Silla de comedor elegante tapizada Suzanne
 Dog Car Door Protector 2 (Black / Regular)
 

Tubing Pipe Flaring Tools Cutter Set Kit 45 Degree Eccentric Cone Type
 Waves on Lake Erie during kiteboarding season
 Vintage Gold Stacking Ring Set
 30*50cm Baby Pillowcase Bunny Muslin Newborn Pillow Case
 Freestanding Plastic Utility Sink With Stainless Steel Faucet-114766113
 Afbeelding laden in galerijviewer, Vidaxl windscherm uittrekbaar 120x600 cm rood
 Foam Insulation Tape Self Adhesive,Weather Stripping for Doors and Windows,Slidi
::::
Exercise details: Output the entries above in their entirety, exactly as written.

Task output:
Silla de comedor elegante tapizada Suzanne
 Dog Car Door Protector 2 (Black / Regular)
 

Tubing Pipe Flaring Tools Cutter Set Kit 45 Degree Eccentric Cone Type
 Waves on Lake Erie during kiteboarding season
 Vintage Gold Stacking Ring Set
 30*50cm Baby Pillowcase Bunny Muslin Newborn Pillow Case
 Freestanding Plastic Utility Sink With Stainless Steel Faucet-114766113
 Afbeelding laden in galerijviewer, Vidaxl windscherm uittrekbaar 120x600 cm rood
 Foam Insulation Tape Self Adhesive,Weather Stripping for Doors and Windows,Slidi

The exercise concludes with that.